Assignment
Copy out the whole listing exactly as written, leaving the pictures behind.

Given information

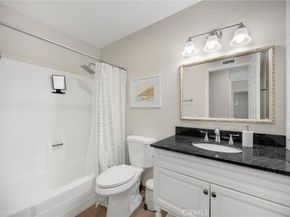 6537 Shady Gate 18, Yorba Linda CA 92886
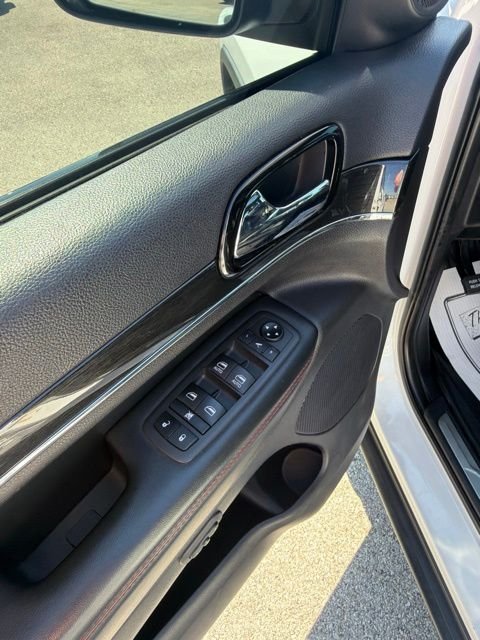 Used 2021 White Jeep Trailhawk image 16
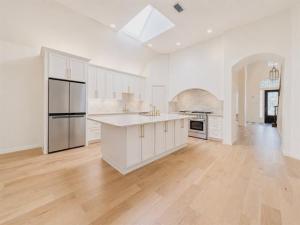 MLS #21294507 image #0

Your response
 6537 Shady Gate 18, Yorba Linda CA 92886
 Used 2021 White Jeep Trailhawk image 16
 MLS #21294507 image #0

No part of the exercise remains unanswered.